[Air-l] Re: Company vs. Community

Bram Dov Abramson bda at bazu.org
Tue Dec 18 10:30:20 PST 2001


dsilver at u.washington.edu wrote:

>But it seems to me that one of the most common
>(and nefarious depending where you stand on the issue) developments in
>mainstream cyberculture during, say, 1997 - 2000 has been the
>commercialization of online communities.  Is it just me or does it appear
>to the rest of you that the folks at Amazon, Yahoo, and
>fill-in-the-blank.com have been reading Howard Rheingold?

Not the commercialization of online communities, but the constitution 
of online communities inside commercial space.  The Amazon community, 
or eBay community, etc didn't exist prior to Amazon or eBay and then 
become commercialized via Amazon's or eBay's behaviour.  Rather, 
Amazon and eBay produced communities as commercial commodities.
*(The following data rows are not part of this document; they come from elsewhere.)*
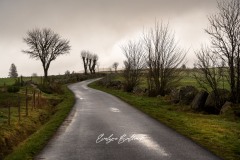 aubrac-2021-9250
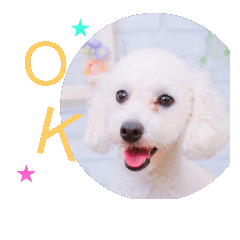 busakawainu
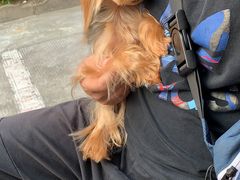 -欣怡宠物店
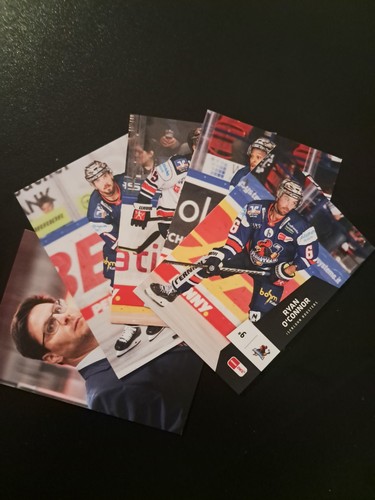Del playercards iserlohn - del, 22/23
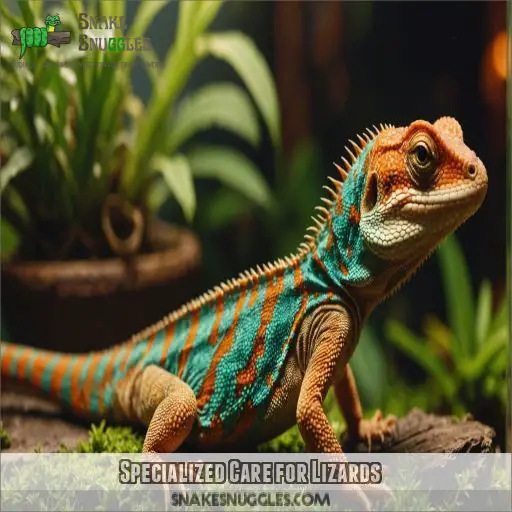 Specialized Care for Lizards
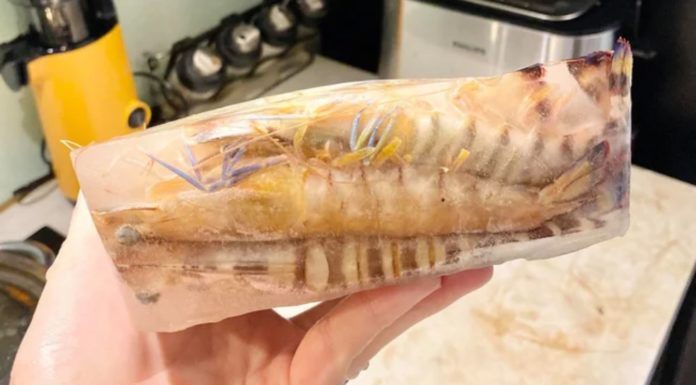How to Store Shrimps to Keep Them Fresh and Delicious for a Month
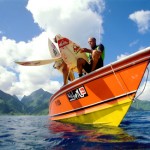 The Ultime Wave Tahiti 3D - Szenenbild 03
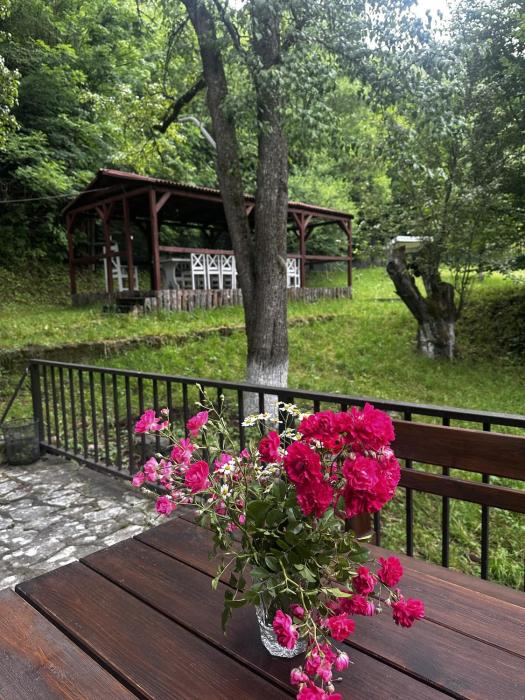 noor dilijan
As commercial commodities, those communities had quantitative value: 
they were translated directly into dollar figures by equities 
analysts as a way of valuating the company's worth on the market. 
Which, in turn, provided incentive for this activity.

The assumption that communities and commerce exist in an agonistic 
relationship is problematic.  They don't, necessarily.  The drive to 
build community is as native to commercial activity as it is to 
non-commercial zones, Howard Rheingold notwithstanding.  (Heck, just 
look to what radio folks call the golden age of radio.)

So, rather than fall into that can of worms, maybe it is better to 
talk about communal ties outside commercial enterprise in a normative 
way, ie as a Good Thing.  What are the implications for the Internet 
when commercial enterprise expends the most resources on 
community-building?  What are the different ways in which community 
can cohere (and does cohere) inside commercial spaces, and what are 
the implications of these different kinds of community-building? etc.